We must organise to fight evictions

Tens of thousands could be made homeless if the government ends the evictions ban.

Nearly a quarter of a million renters have fallen into rent arrears since the start of the pandemic according to research by YouGov on behalf of the housing charity Shelter. This increase takes the total number of private tenants in arrears up to a reported 442,000 – double the figure for the same period last year.

Under current housing regulations, tenants can be evicted through Section 8 procedures if they are in eight weeks of rent arrears. The threat of Section 21 ‘no fault’ evictions is also a lingering concern for tenants and housing campaigners, despite a repeated promise to scrap this legislation in the 2019 Conservative Party manifesto.

With the Coronavirus eviction ban set to be lifted on 23 August, court proceedings to legally evict tenants are about to restart across England and Wales. In Scotland, First Minister Nicola Sturgeon has extended the eviction ban until at least March 2021. The former shadow chancellor John McDonnell has called for a prolongation of the ban for a whole year. These calls for urgent action have been repeatedly ignored by the government, and the Labour opposition has also been largely weak on the evictions issue until this week.

As things stand, housing activists expect that the responsibility to keep tenants safe in their homes next month will fall to us. At the community union ACORN we have begun steeling ourselves for the end of the eviction ban by training members in tried and tested eviction resistance procedures and practice. 

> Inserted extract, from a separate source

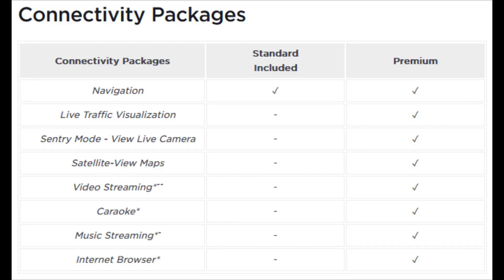Finally, the internet browser is just for searching websites, and you can do this over Wi-Fi on standard connectivity, whereas with premium connectivity you can also do this away from Wi-Fi over cellular data.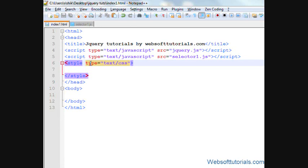Hi guys, this is Rishabh Kapoor from WebsoftTutorials.com. In this video, we will talk about jQuery hide effect.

We have established seven new ACORN city groups during the lockdown period, and membership growth has reached as high as double our average pre-Coronavirus monthly recruitment figures. Some of this is from tenants fearing the worst; others are those pitching in with us to confront this issue head-on. All our branches are now preparing for an onslaught of eviction cases from 23 August onwards, unless there is a last-minute government U-turn to prevent a steep rise in evictions and homelessness.

Eviction cases have already started to occur, with ACORN Bristol recently taking action to protect fellow members who were being illegally evicted. Members arrived at the house at 8am and ran an around-the-clock and socially-distanced guard of the house to ensure the landlord would be unable to enter. The action successfully halted the eviction and won £4000 of compensation for the tenants. 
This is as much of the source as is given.